Handling large number of ids in Solr

I need to perform an online search in Solr i.e user need to find list of user which are online with particular criteria.
How I am handling this: we store the ids of user in a table and I send all online user id in Solr request like
&fq=-id:(id1 id2 id3 ............id5000)
The problem with this approach is that when ids become large, Solr is taking too much time to resolved and we need to transfer large request over the network.
One solution can be use of join in Solr but online data change regularly and I can't index data every time (say 5-10 min, it should be at-least an hour).
Other solution I think of firing this query internally from Solr based on certain parameter in URL. I don't have much idea about Solr internals so don't know how to proceed.
With Solr4's soft commits, committing has become cheap enough that it might be feasible to actually store the "online" flag directly in the user record, and just have &fq=online:true on your query. That reduces the overhead involved in sending 5000 id's over the wire and parsing them, and lets Solr optimize the query a bit. Whenever someone logs in or out, set their status and set the commitWithin on the update. It's worth a shot, anyway.
We worked around this issue by implementing Sharding of the data.
Basically, without going heavily into code detail:
Write your own indexing code
use consistent hashing to decide which ID goes to which Solr server
index each user data to the relevant shard (it can be a several machines)

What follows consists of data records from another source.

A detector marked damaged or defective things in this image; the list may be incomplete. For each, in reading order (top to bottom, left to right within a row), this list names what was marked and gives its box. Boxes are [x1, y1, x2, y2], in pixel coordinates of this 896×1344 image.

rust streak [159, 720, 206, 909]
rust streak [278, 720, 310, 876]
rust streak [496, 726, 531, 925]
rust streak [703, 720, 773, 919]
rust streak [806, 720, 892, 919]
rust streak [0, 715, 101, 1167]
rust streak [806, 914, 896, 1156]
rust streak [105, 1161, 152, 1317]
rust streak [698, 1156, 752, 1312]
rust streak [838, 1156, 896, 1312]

make sure you have redundancy
Query Solr shards
Do sharded queries in Solr using the shards parameter
Start an EmbeddedSolr and use it to do a sharded query
Solr will query all the shards and merge the results, it also provides timeouts if you need to limit the query time for each shard
Even with all of what I said above, I do not believe Solr is a good fit for this. Solr is not really well suited for searches on indexes that are constantly changing and also if you mainly search by IDs than a search engine is not needed.
For our project we basically implement all the index building, load balancing and query engine ourselves and use Solr mostly as storage. But we have started using Solr when sharding was flaky and not performant, I am not sure what the state of it is today.

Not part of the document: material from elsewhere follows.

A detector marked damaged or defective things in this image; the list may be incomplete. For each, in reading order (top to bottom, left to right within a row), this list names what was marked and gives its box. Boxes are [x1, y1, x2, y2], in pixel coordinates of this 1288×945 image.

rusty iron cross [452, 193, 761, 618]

Last note, if I was building this system today from scratch without all the work we did over the past 4 years I would advise using a cache to store all the users that are currently online (say memcached or redis) and at request time I would simply iterate over all of them and filter out according to the criteria. The filtering by criteria can be cached independently and updated incrementally, also iterating over 5000 records is not necessarily very time consuming if the matching logic is very simple.
Any robust solution will include bringing your data close to SOLR (batch) and using it internally. NOT running a very large request during search which is low latency thing.

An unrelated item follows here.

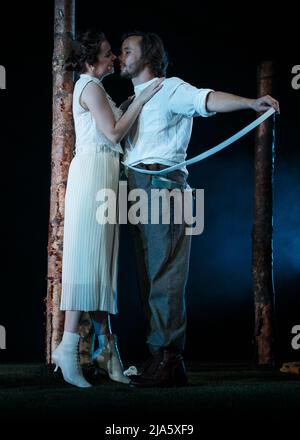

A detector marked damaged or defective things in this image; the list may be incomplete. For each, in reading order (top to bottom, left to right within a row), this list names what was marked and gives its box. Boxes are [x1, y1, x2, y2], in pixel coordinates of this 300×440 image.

rusty metal pole [46, 0, 76, 362]
rusty metal pole [252, 60, 276, 366]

You should develop your own filter; The filter will cache the online users data once in a while (say, every minute). If the data changes VERY frequently, consider implementing PostFilter.
You can find a good example of filter implementation here:
http://searchhub.org/2012/02/22/custom-security-filtering-in-solr/
one solution can be use of join in solr but online data change
regularly and i cant index data everytime(say 5-10 min, it should be
at-least an hr)
I think you could very well use Solr joins, but after a little bit of improvisation.
The Solution, I propose is as follows:
You can have 2 Indexes (Solr Cores)
1. Primary Index (The one you have now)
2. Secondary Index with only two fields , "ID" and "IS_ONLINE"
You could now update the Secondary Index frequently (in the order of seconds) and keep it in sync with the table you have, for storing online users.
NOTE: This secondary Index even if updated frequently, would not degrade any performance provided we do the necessary tweaks like usage of appropriate queries during delta-import, etc.